Teacher pay-for-performance policies have been introduced in many countries in order to improve the quality of the teacher workforces, which has been considered as one of the most essential determinants affecting student achievement. Based on free-market economic principles, teacher pay-for-performance aims to improve the competitiveness among teachers through competition. South Korea adopted a teacher pay-for-performance policy in 2001. Since then, the government has tried to change the rank- and seniority-centered single salary system into a performance-based payment system. Korean policymakers have tried to emulate teacher pay-for-performance in the US and UK. However, such policies cannot be exactly replicated across countries. A policy transferred across borders is transformed within the new variegated and dynamic situations. Teacher pay-for-performance policies are implemented in different ways in different contexts.

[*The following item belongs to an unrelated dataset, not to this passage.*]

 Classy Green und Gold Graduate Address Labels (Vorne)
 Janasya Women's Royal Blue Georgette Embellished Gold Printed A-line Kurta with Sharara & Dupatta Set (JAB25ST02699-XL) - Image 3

In order to explain this phenomenon, this study employs policy mobility and transformation frameworks (McCann & Ward, 2012; Peck, & Theodore, 2010, 2015). Policy mobility and transformation frameworks provide explanations of how a policy developed in a certain context moves into other contexts and is transformed into a new form of policy. Policy mobility and transformation frameworks present the theoretical and conceptual basis for a dialectical relationship between a policy and society; nevertheless, it provides very little information about how the policy actually interacts with its contexts. To investigate the process of how teacher pay-for-performance has been adopted and implemented in South Korea, therefore, there is a need to develop a more analytical and practical framework. Focusing on both policy texts and their contexts, this study investigates the processes and effects of policy mobilization and policy transformation by analyzing various types of documents related to teacher pay-for-performance, published by both proponents and opponents.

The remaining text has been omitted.